Redox-Sensitive PEG-Polypeptide Nanoporous Particles for Survivin Silencing in Prostate Cancer Cells

Francesca Cavalieri, Giovanni L Beretta, Jiwei Cui, Julia A Braunger, Yan Yan, Joseph J Richardson, Stella Tinelli, Marco Folini, Nadia Zaffaroni, Frank Caruso

BIOMACROMOLECULES | AMER CHEMICAL SOC | Published : 2015

Abstract

We report the engineering of intracellular redox-responsive nanoporous poly(ethylene glycol)-poly(l-lysine) particles (NPEG-PLLs). The obtained particles exhibit no toxicity while maintaining the capability to deliver a small interfering RNA sequence (siRNA) targeting the anti-apoptotic factor, survivin, in prostate cancer cells.
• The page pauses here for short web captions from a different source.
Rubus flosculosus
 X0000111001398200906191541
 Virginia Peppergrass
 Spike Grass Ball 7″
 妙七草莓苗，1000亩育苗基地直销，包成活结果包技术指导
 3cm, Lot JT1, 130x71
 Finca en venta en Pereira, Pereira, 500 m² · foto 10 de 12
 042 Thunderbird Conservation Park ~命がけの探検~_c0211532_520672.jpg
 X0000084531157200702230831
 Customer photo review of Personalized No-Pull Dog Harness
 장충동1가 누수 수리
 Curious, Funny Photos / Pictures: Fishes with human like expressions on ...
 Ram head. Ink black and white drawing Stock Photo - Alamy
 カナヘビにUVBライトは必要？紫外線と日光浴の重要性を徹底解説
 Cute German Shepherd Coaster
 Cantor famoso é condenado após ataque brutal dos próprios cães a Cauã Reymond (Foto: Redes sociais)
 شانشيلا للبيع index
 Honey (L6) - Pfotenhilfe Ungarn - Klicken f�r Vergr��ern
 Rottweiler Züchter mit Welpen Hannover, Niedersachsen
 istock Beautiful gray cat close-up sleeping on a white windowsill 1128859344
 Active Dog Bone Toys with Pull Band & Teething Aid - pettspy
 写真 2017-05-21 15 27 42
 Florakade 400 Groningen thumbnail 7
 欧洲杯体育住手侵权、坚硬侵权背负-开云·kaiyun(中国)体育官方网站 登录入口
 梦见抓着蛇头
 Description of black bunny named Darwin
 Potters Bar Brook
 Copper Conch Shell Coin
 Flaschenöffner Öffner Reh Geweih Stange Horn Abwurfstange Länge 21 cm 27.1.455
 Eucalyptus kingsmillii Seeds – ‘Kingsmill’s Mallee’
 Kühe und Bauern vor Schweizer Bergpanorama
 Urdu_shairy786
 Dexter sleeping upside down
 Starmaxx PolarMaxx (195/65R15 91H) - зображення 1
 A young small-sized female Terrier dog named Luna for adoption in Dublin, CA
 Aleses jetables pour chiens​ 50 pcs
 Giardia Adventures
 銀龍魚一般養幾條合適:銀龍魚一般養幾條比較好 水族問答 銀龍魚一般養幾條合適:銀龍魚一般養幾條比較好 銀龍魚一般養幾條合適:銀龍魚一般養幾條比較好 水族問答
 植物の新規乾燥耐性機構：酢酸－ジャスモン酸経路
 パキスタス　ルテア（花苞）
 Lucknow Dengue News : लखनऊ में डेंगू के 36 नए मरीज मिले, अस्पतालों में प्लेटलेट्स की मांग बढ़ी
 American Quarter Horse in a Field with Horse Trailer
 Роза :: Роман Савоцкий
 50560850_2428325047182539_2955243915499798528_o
The redox-mediated cleavage of the disulfide bonds stabilizing the NPEG-PLL-siRNA complex results in the release of bioactive siRNA into the cytosol of prostate cancer PC-3 cells, which, in turn, leads to the effective silencing (∼59 ± 8%) of the target gene. These findings, obtained under optimal conditions, indicate that NPEG-PLLs may protect the therapeutic nucle..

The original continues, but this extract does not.